You seem to be blessed with very good “pro active” emergency planning with proper funding to provide communications but I’m a little confused about those different groups using the same frequencies. (Perhaps I’ve misunderstood). That doesn’t happen here in the US and was a BIG failure during 911.

I think here lays the beauty of “trained radio operators” and the importance of those “ham radio frequencies” in emergencies…..and also…the importance of keeping those “two meter” and “seventy centimeter” frequencies “just for the special purpose of emergency use”. If they’re not “officially” sanctioned and set aside for emergency use, they should be.

Speaking from experience, I’ve never seen a “business radio” that can be programmed in the field and I’ve never seen a “professional” communicator EXCEPT in the ham radio hobby. They know how to get the job done.

Despite the “professionalism” and skill of many of these groups, none of these guys know more than “push this button” when they want to communicate with fellow team members. When that system fails, and it does in a major emergency very often, there are NO other options. With ham radio, it’s only the beginning of another challenge.

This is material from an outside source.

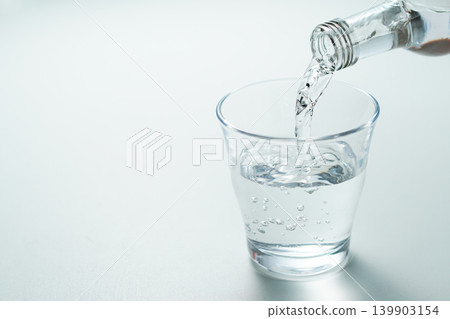 將瓶裝礦泉水倒入玻璃杯中。 139903154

Without have reading the article, I think the FCC is sadly misinformed, should they discount the importance of our hobby in emergencies. If I hear you correctly, you would prefer they stay separate but equal….as they should be?

g4ilo said...

Hi John. It would appear from what you are saying that the situation is different in the USA, and amateur communications fulfil a necessary role in emergency situations because the emergency services don't have adequate equipment. Here it is different. It wasn't always so, and back in 1953 when there were major floods in the south east it was felt that amateur radio could provide emergency communications. But nowadays the radio amateur emergency network is a solution looking for a problem. As other commenters have said, they were prepared to help but weren't called for in what was by UK standards a pretty big emergency, and even then it would have been to provide backup in case the phone lines went out not for communications by the rescuers.

I'm conscious there may be a different culture over there - I realize that the ARRL started in traffic handling, and a lot of use used to be made of phone patching which is a traffic many people over here didn't really think should be on the ham bands.

But my personal opinion is that the ham bands are for experimenting, contesting, rag chewing and all the other hobby things and not for providing emergency communications except on an ad-hoc basis when someone happens to be on the spot and all else fails, which occurs less and less often in this age of universal mobile phone ownership.